When I compile to PDF, the umlauts (e.g. “ü”, Unicode U+00FC) in the resulting manuscript aren’t single characters, but two: the non-umlaut vowel (e.g. “u”, U+0075) and a diaeresis (“¨”, U+00A8), separately. You can easily verify this if you copy text containing umlauts from a comiled PDF to a plain text editor such as BBEdit and then begin to delete letters from the end of the word: the “ü” doesn’t disappear in one, rather first the diaeresis is deleted, leaving the “u”. (When I compile to Word format, the manuscript contains true, single-character umlauts.)
How can I get Scrivener to create PDFs with true umlauts?
The problems are that
- searching a PDF that contains, for example, Tu¨r for the German word Tür, “door”, doesn’t return any results;
- blind people do not hear the correct word when text is read to them;
- and printing from PDF may lead to strange placement of the diaeresis.
I just found out that the problem has nothing to do with Scrivener.
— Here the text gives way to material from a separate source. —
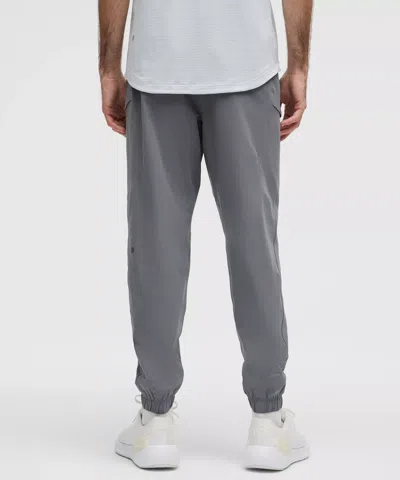 Lululemon Zeroed In Classic-fit Cargo Joggers Regular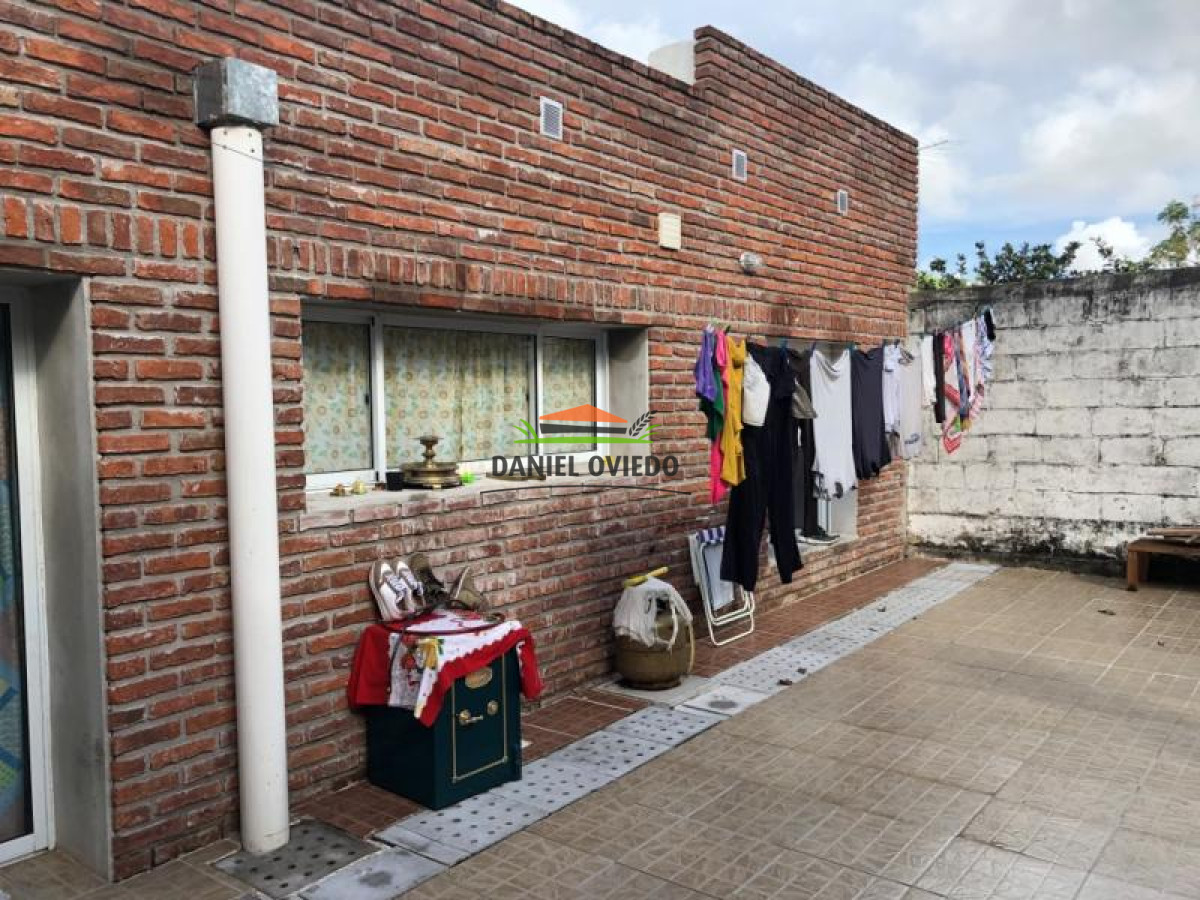 Casa ID.101 - Excelente casa en venta en calle Rincón, Tarariras.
When I open the PDF in Adobe Acrobat Pro, Chrome, or Firefox, the umlauts are fine, only when I open it in Apple’s Preview or Safari, are the umlauts represented as vowel plus diaeresis. It seems to be an Apple problem.
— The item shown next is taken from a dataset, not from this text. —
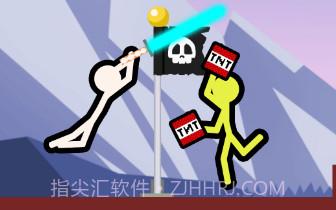 决战火柴人2本v1.0.18截图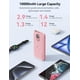 thumbnail image 4 of Power Bank XEGNER 10000mAh 20W con Enchufe de Pared para iWatch, 4 of 9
So as far as Scrivener is concerned, the problem has been resolved.
There are two ways to indicate accented characters in Unicode: the full character or the character + a combining character. See http://www.fileformat.info for more.
For instance ü is LATIN SMALL LETTER U WITH DIAERESIS (U+00FC), but you can also get the same by putting a “u” plus a COMBINING DIAERESIS (U+0308). These two forms should look the same, but I have had some programs (I think Acrobat Reader?) that display them differently, for some fonts, which is very confusing. I have even had to go through text documents to convert one to the other, though for the life of me I can’t remember why, right now.
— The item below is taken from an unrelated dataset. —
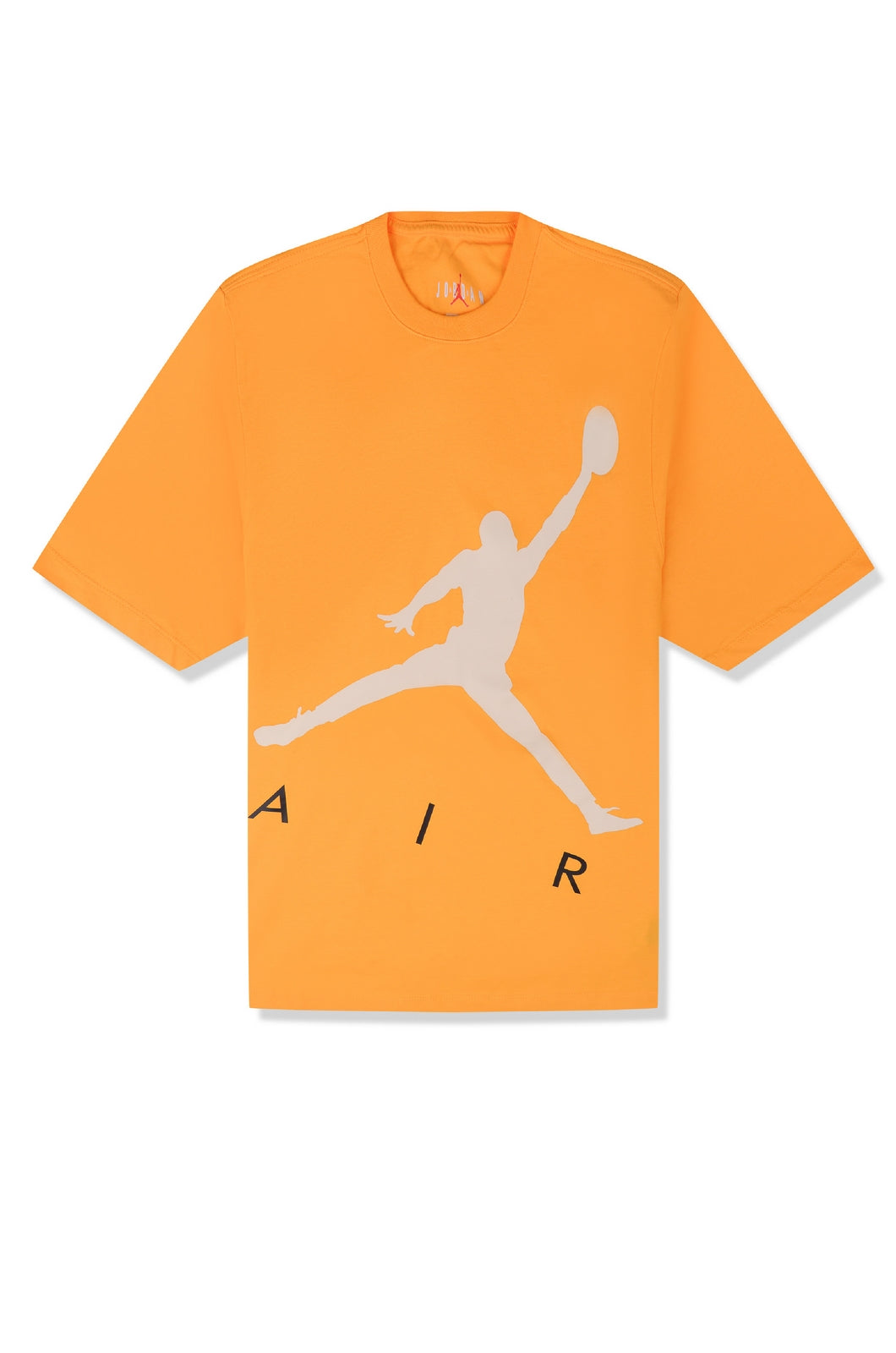 T-SHIRT E CANOTTE Arancio Nike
Anyway, since these two forms look the same (usually), it usually doesn’t matter. But if there is a bug somewhere, or if the search algorithms are written poorly, it can be very confusing. It can be especially annoying if you have copied/pasted from various sources, and they have used different forms.
Hope this helps you understand the issue. I don’t know how to solve your problem. If it is really driving you insane, you can use a text editor (like Text Mate) to look inside the .rtf code and find and change the offending parts — but I don’t recommend doing that if you can help it.